- Born: Allen Coats Meadors May 17, 1947 (age 79) Van Buren, Arkansas
- Occupations: Professor, administrator

Academic background
- Education: Van Buren Senior High School; University of Central Arkansas;

Academic work
- Discipline: Business administration
- Institutions: University of Oklahoma

= Allen Meadors =

American professor and university administrator

Allen Coats Meadors (born May 17, 1947) is an American professor and university administrator.

Meadors was Dean of the College of Public Health at the University of Oklahoma and of the College of Health, Social and Public Services at Eastern Washington University, CEO at Penn State Altoona, Chancellor at the University of North Carolina at Pembroke and President of the University of Central Arkansas (UCA). In September 2011, Meadors resigned from UCA.

==Early life and education==
Allen Meadors was born in Van Buren, Arkansas and attended Van Buren Senior High School, from which he graduated in 1965. He enrolled at the University of Arkansas at Fayetteville before transferring to the University of Central Arkansas, where he graduated with a Bachelor in Business Administration in 1969. After graduating, he returned to the University of Arkansas at Fayetteville to study for an MBA, but again left after one semester to join the United States Air Force.

Meadors obtained a Master's in Business Administration from the University of Northern Colorado and a Master's in Public Administration from the University of Kansas. He also holds Master's Degrees in Psychology and Human Relations and in Health Services Management from Webster University. Meadors was awarded his PhD in Administration and Education by Southern Illinois University in 1981. He also has an Associate's Degree in Computer Science from Saddleback College, and certificates in Health Services Administration from Trinity University and in Health System Management from MIT.

==Academic career==
Meadors was discharged from the US Air Force in September 1973. He started work for Blue Cross Blue Shield in Topeka, Kansas. In 1976, he was appointed assistant director for public health in Kansas City. He then worked as a health consultant, and as an assistant professor at Southern Illinois University, administering degree programmes on military installations. In 1982, he became associate professor and director of the Division of Health Administration at the University of Texas. Meadors was the executive director of the Northwest Arkansas Radiation Therapy Institute between 1984 and 1987. In 1987, Meadors was appointed as a professor and chair of the Department of Health Administration at the University of Oklahoma. Between 1989 and 1990, he was dean of the College of Public Health at Oklahoma.

Meadors worked as dean of the College of Health, Social and Public Services at Eastern Washington University between 1990 and 1994, after which he was chief executive at Penn State Altoona from 1994 to 1999. He moved to North Carolina to become the new chancellor at the University of North Carolina at Pembroke (UNCP) in 1999. In January 2009, in response to criticism that UNCP (which was founded with a mission to train Native American school teachers) was not doing enough to recruit Native American students, Meadors addressed the Lumbee Tribal Council, outlining a number of initiatives targeting Native American recruits.
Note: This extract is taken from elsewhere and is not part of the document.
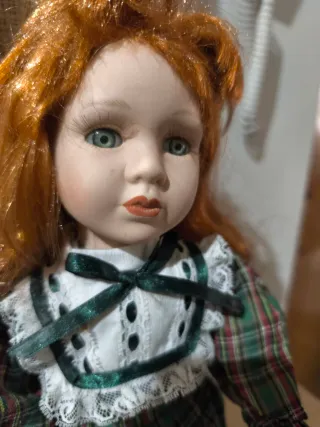 Muñeca de porcelana vintage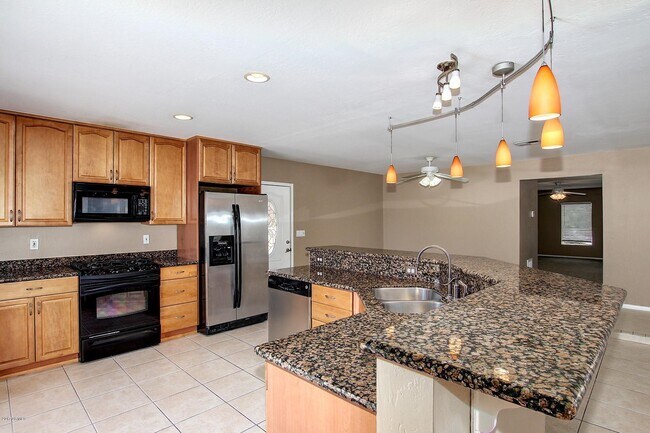 Building Photo - 12228 N 64th St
He reported that the number of Native American students at UNCP had risen from 686 in 1999 to 941 in 2009. In February 2009, Meadors was appointed president of the University of Central Arkansas.

In September 2011, it was reported that the University of Central Arkansas (UCA) board had bought out Meadors's contract, accepted his resignation in return, and replaced him with an interim president, Tom Courtway. The board's actions followed a controversy about renovations and expansion of the university president's house. The university campus food service contractor Aramark had offered to contribute $700,000 to the cost of the renovation. Meadors and board chair Scott Roussel reportedly did not inform the board that the deal involved granting Aramark a new service contract. In January 2013, while working in the United Arab Emirates, Meadors pleaded guilty to violating the Arkansas Freedom of Information Act during his time as the UCA president, after he was "accused of urging a vice president to destroy a letter that said the offer would be in exchange for renewing Aramark's contract". Meadors had originally been charged with tampering with a public document, but reached a negotiated plea bargain for the Arkansas FOIA violation. Roussel also resigned in May 2012, but was not charged with any offense.

Between 2012 and 2014, Meadors was executive director of the United Arab Emirates Higher Education Coordination Council. He has also was president of St. John International University. Meadors was on the board of trustees of the Southeastern Regional Medical Center, a hospital in Lumberton, North Carolina.

==Honors and awards==
Meadors was a senior fellow of the American Association of State Colleges and Universities in 2011–12. UNCP has established endowed chairs, the Allen C. Meadors Distinguished Professorship in Mathematics and the Allen C. Meadors Endowed Chair in Computer Science, in his honor.

==Personal life==
Meadors and his wife Barbara have two sons.